October 30, 2023 - 17:11

TEHRAN – An Iranian collector has donated over 500 ancient silver coins to the Astan Quds Razavi Museum located in Mashhad, northeast Iran.

Donated by Mahammad-Hossein Yazdinejad, the coins were minted dating in the Sassanid era (224 CE–651) and the succeeding Islamic epoch, ILNA reported.

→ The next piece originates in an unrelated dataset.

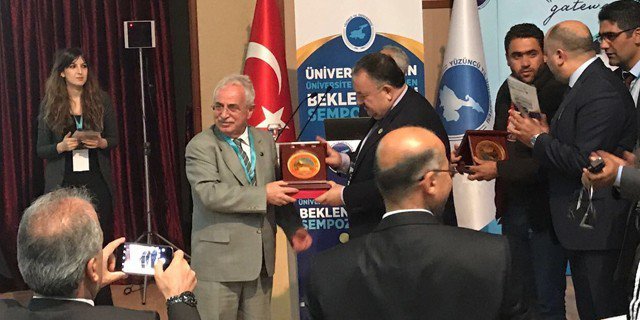 Etü Rektörü Prof. Dr. Yaylalı, “Üniversitelerin Üniversite İşbirliğinden Beklentileri” Sempozyumuna Katıldı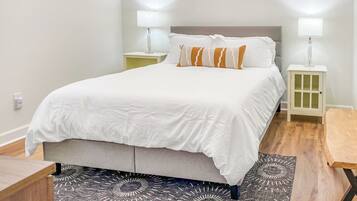 2 bedrooms, iron/ironing board, travel cot, free WiFi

Around 220 CE, the mighty Sassanid Empire introduced the concept of thin flan coins, issues that were struck in relief on both sides. In order not to produce intolerable stresses in the dies, since the thinner the material the more force necessary to make it flow into the recesses of the die’s design, the depth of relief on such coins was of necessity much shallower than with earlier currency. Such techniques spread by way of Byzantium to northern Europe, where the emperor Charlemagne struck thin flan deniers (small silver coins), or pennies, which became characteristic of both his own and neighboring kingdoms.

About 651 CE, the Muslim conquest of Persia, also known as the Arab conquest of Iran, led to the fall of the Sasanian Empire that encompassed all of present-day Iran and Iraq and stretched from the eastern Mediterranean to Pakistan, and from parts of southern Arabia to the Caucasus and Central Asia at its greatest extent. The rise of Muslims coincided with an unprecedented political, social, economic, and military weakness in Persia. The conquering Muslims at first mimicked the coinage of their predecessors. In the western provinces, they issued gold and copper pieces imitated from contemporary Byzantine coins, modifying the cross on the reverse of the latter somewhat to suit Muslim sensibilities. In the eastern provinces, the Arab governors issued silver dirhams that were copies of late Sasanian coins (mainly those related to Khosrow II; with the addition of short Arabic inscriptions on the margin and often the name of the Arab governor in Pahlavi; even the crude representation of the fire altar was retained.